> TASK TO CARRY OUT
Transcribe exactly the lines from the one containing "Totally Spies The" through the end of the data, both included. Leave out pictures.

DATA Start Marker

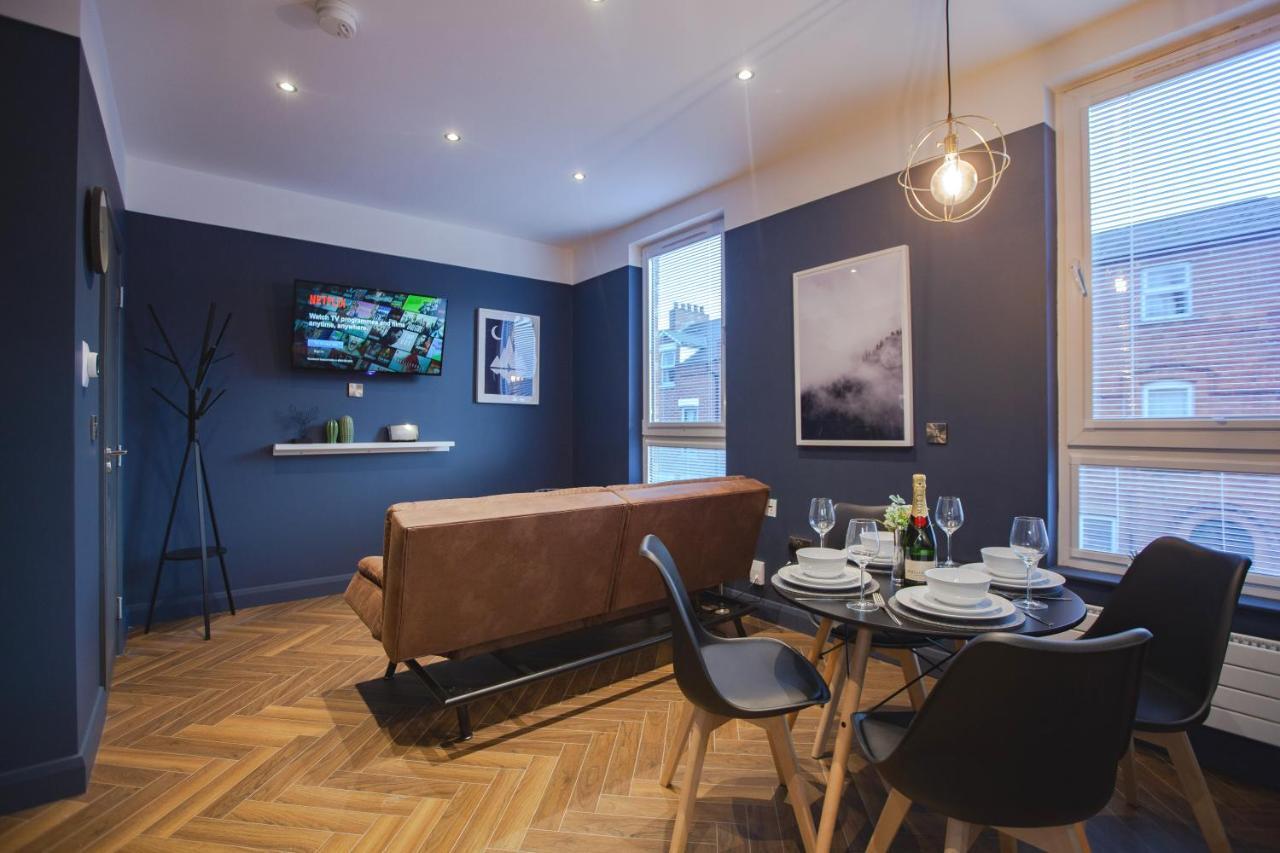 Appartement Yellow Hive Boutique 2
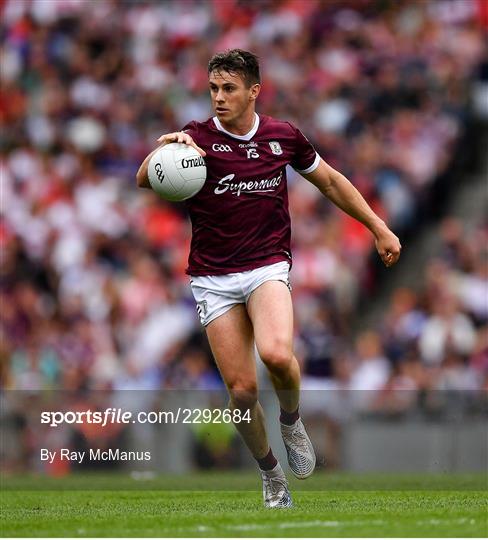 Derry v Galway - GAA Football All-Ireland Senior Championship Semi-Final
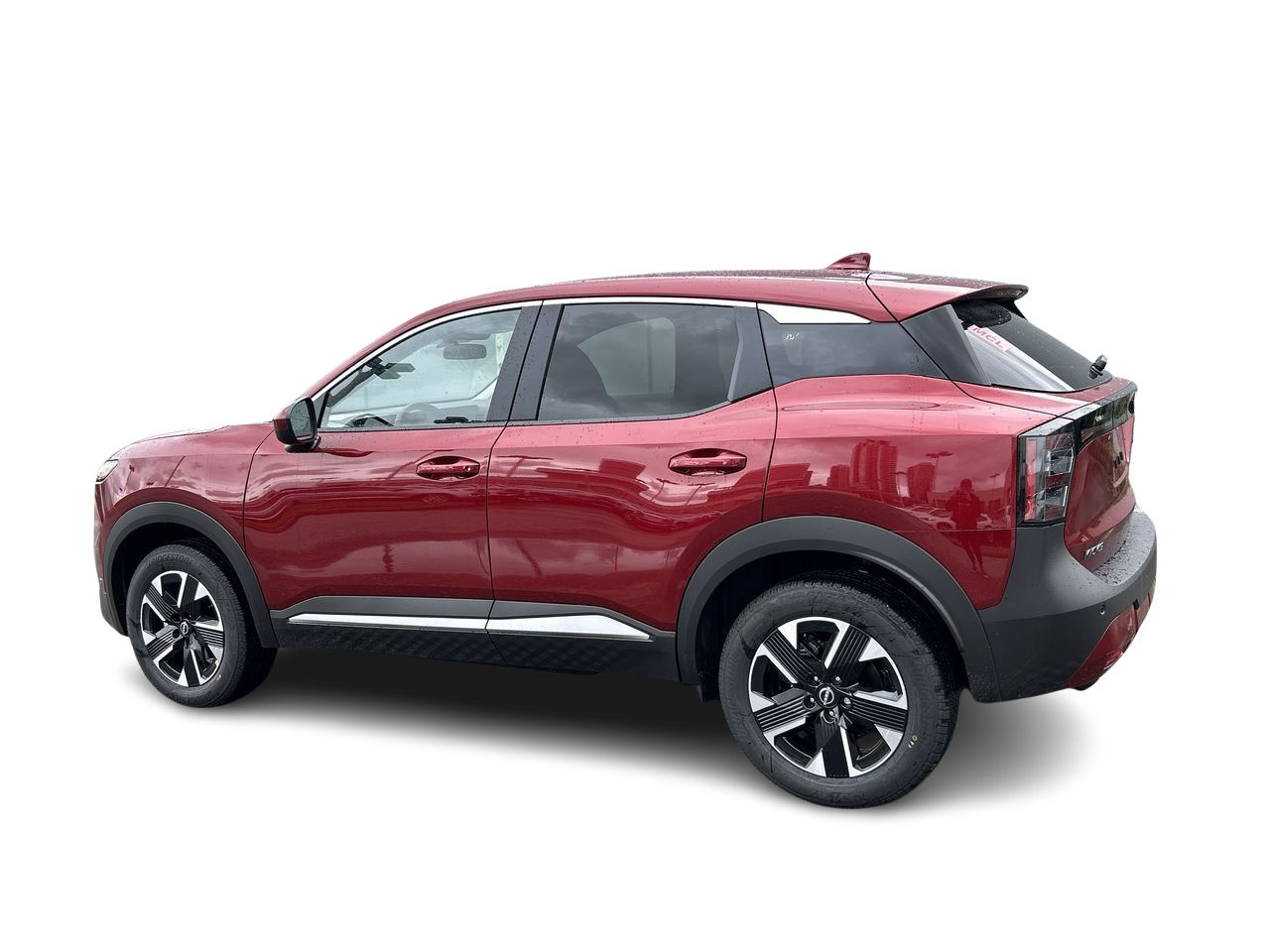 2025 Nissan Kicks in Vancouver, British Columbia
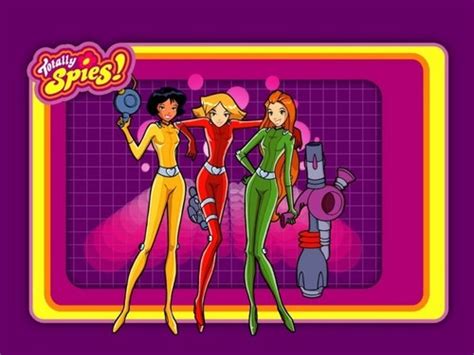 Totally Spies The Movie Totally Spies Photo 40243689 Fanpop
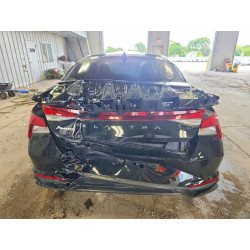 2023 HYUNDAI ELANTRA KMHLM4AG2PU550805 57900026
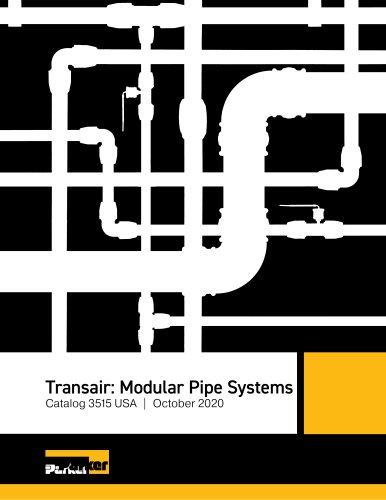 TRANSAIR: MODULAR PIPE SYSTEMS 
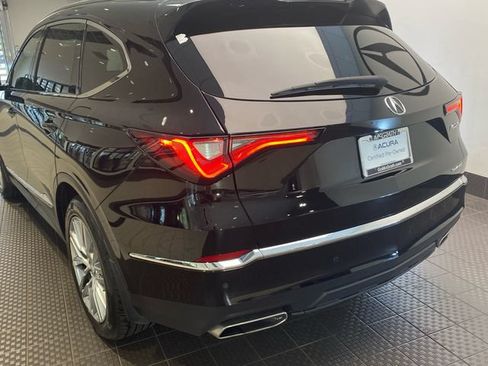 Used 2023 Acura MDX SH-AWD w/ Advance Package image 7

DATA End Marker

> RESPONSE TO THE TASK
 Totally Spies The Movie Totally Spies Photo 40243689 Fanpop
 2023 HYUNDAI ELANTRA KMHLM4AG2PU550805 57900026
 TRANSAIR: MODULAR PIPE SYSTEMS 
 Used 2023 Acura MDX SH-AWD w/ Advance Package image 7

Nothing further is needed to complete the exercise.